The most effective way to build a powerful automation prompt is to interview a human expert, document their step-by-step process and decision criteria, and translate that knowledge directly into the AI's instructions. Don't invent; document and translate.
When a prompt yields poor results, use a meta-prompting technique. Feed the failing prompt back to the AI, describe the incorrect output, specify the desired outcome, and explicitly grant it permission to rewrite, add, or delete. The AI will then debug and improve its own instructions.
Honeybook built a ChatGPT agent that logs into LinkedIn, searches for candidates based on a job description, and applies nuanced filters (e.g., tenure, location, activity). This automates a time-consuming, multi-step workflow, freeing up the hiring team for higher-value tasks.

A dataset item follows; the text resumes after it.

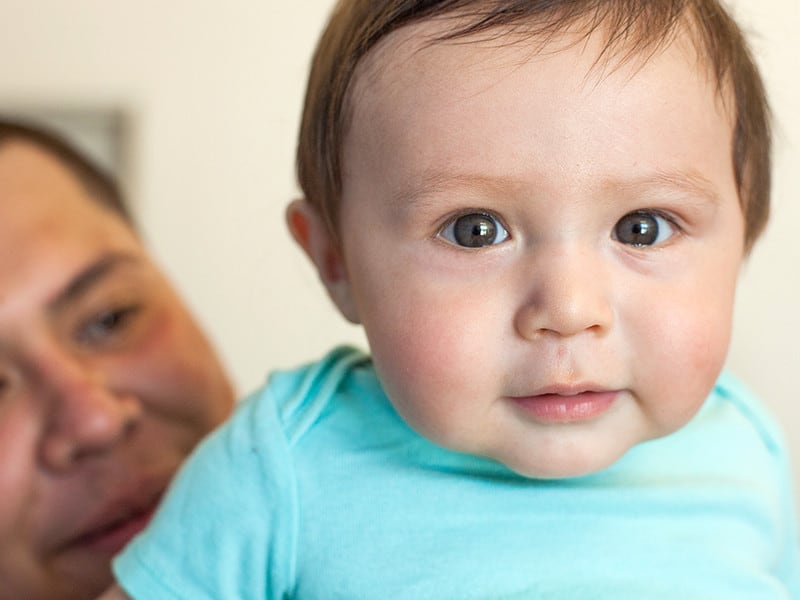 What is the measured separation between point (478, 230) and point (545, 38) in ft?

Expensive user research often sits unused in documents. By ingesting this static data, you can create interactive AI chatbot personas. This allows product and marketing teams to "talk to" their customers in real-time to test ad copy, features, and messaging, making research continuously actionable.
Countering the idea that AI sacrifices quality for speed, Honeybook's recruiting agent found four net-new, high-quality candidates the team had missed manually. The fifth candidate it found was one the team was already pursuing, validating the AI's quality and ability to augment human efforts.
LLMs can generate functional, structured files, not just text. A simple, natural language prompt can be used to find unstructured information online (like a sports team's schedule) and create a ready-to-use .ICS calendar file, turning web data into a practical tool without coding.
To create a reliable AI persona, use a two-step process. First, use a constrained tool like Google's NotebookLM, which only uses provided source documents, to distill research into a core prompt. Then, use that fact-based prompt in a general-purpose LLM like ChatGPT to build the final interactive persona.